I find an interesting connection between the fourth and seventh chapters of Matthew. In the former, Jesus is tempted by Satan to turn the stones that surround him amidst his wilderness fast into bread. In the latter, Jesus assures us that God will never give his children stones in the place of bread. The immediate context of chapter seven is discernment – directing us to discern the ways of God’s Kingdom. In short, our Heavenly Father promises never to give us stones. Our responsibility, then, is to trust that the stones that plague our lives are truly bread from Heaven. In chapter four, Satan tells Jesus to turn the stones to bread. He exploits Scripture hoping to lead the Son away from the Father – essentially petrifying the bread of life. Jesus in turn tells Satan that the stones are bread, for the Father is using them to draw him to feast upon the wonders of divine fellowship. Time and time again God has brought things into my life that are hard – miserably hard. I am tempted to toss them, skip them, kick them, or just walk around them, all the while complaining that God would allow such stones in my life. How great it could be to stop, trust, draw near, and worship. “Father, this sure looks like a stone, it sure feels like a stone, but I trust you, please show me how this could be bread.” I am equally tempted toward stealing the sweet bread of God, tucking it in my shirt, and scurrying off into the world, only to find that apart for the intimate presence of the Father it has turned to stone. Every warm loaf from Heaven’s breath has the potential for desolate petrifaction. Every cold stone from the world’s indifference has the potential for savory nourishment. The difference? The direction. Draw near to the Father…stay…trust…feast.
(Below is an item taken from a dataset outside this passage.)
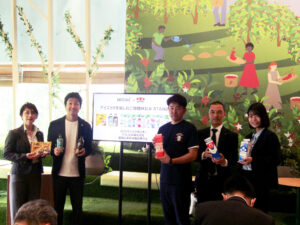 左からハンクス香里氏吉岡修平氏富澤裕敏氏天野琢氏寺崎優喜氏 左からハンクス香里氏、吉岡修平氏、富澤裕敏氏、天野琢氏、寺崎優喜氏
“Since the creation of the world God’s invisible qualities—his eternal power and divine nature—have been clearly seen, being understood from what has been made so that men are without excuse.” Romans 1

One of these natural portals, through which to view God, is the 2nd law of thermodynamics. This natural law, referred to as entropy, observes that left alone, all physical processes will decay. All chemical reactions will inevitably reach equilibrium and cease. Such a state is observable on the “dead” planets in our solar system. We can also see this on Earth. One example is the oxygen in our atmosphere. Oxygen is one of the most volatile elements of creation, in that it readily combines with virtually any other element. For Earth to foster life, its air must contain 21% free oxygen. Any more and the planet bursts into flames, any less and the air is toxic. According to entropy, free oxygen (left alone) would rapidly combine with any and all elements possible and decay into equilibrium. But it doesn’t. Why? Because the physical processes that foster life on Earth are not left alone.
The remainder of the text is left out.